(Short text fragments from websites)
= = = =

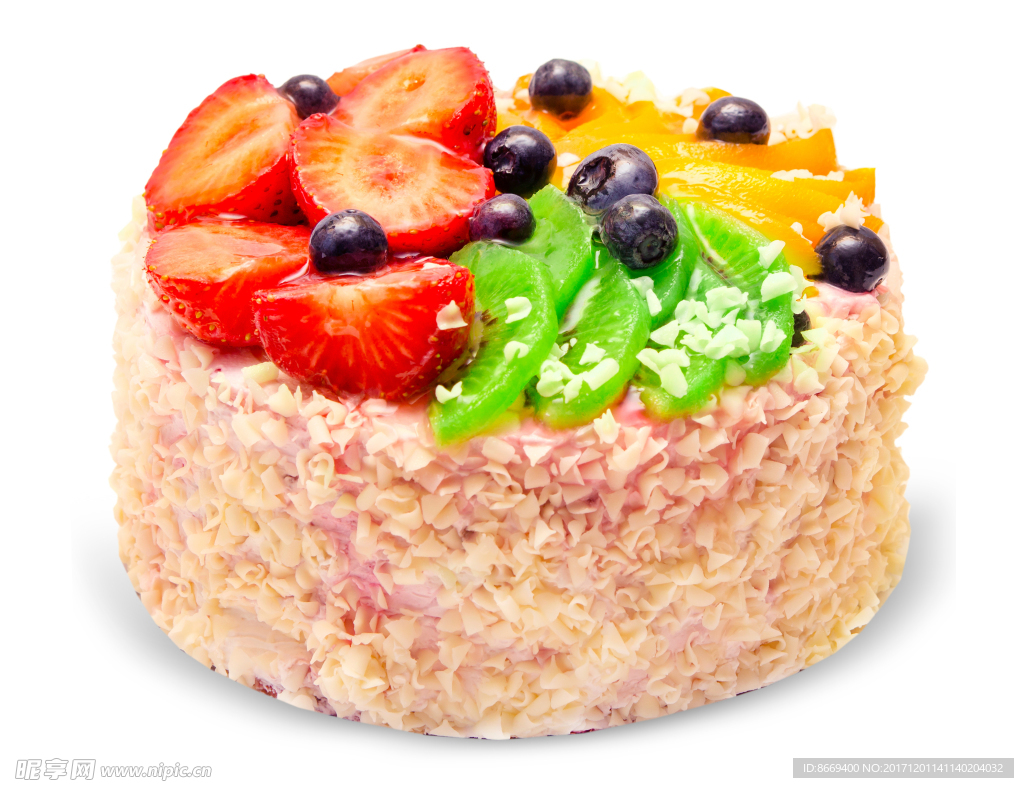 蛋糕水果蓝莓草莓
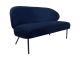 Sofa Puffed velvet dark blue LEITMOTIV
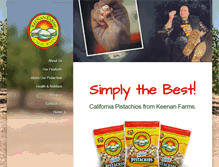 Tablet Screenshot of keenanpistachio.com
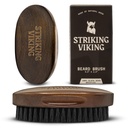 Opvallende Vikingbaardborstel voor mannen - 4,3-inch Beukenhouten handvat, bruin - Boar Bristle Baardborstel, Travel Size Detangler & Static Reducer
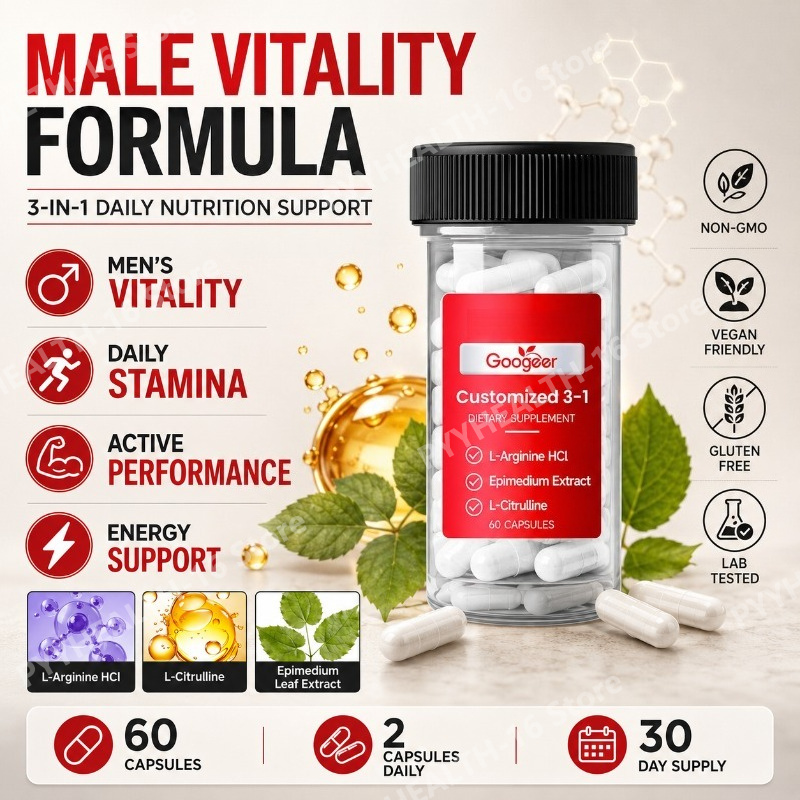 Herbal Wellness For You - L-Arginina HCl com L-Citrulina e Extrato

= = = =

_EXERCISE INSTRUCTIONS_
Set down all the lines above exactly as they appear, with no pictures.

_ANSWER TO THIS PROBLEM_
 蛋糕水果蓝莓草莓
 Sofa Puffed velvet dark blue LEITMOTIV
 Tablet Screenshot of keenanpistachio.com
 Opvallende Vikingbaardborstel voor mannen - 4,3-inch Beukenhouten handvat, bruin - Boar Bristle Baardborstel, Travel Size Detangler & Static Reducer
 Herbal Wellness For You - L-Arginina HCl com L-Citrulina e Extrato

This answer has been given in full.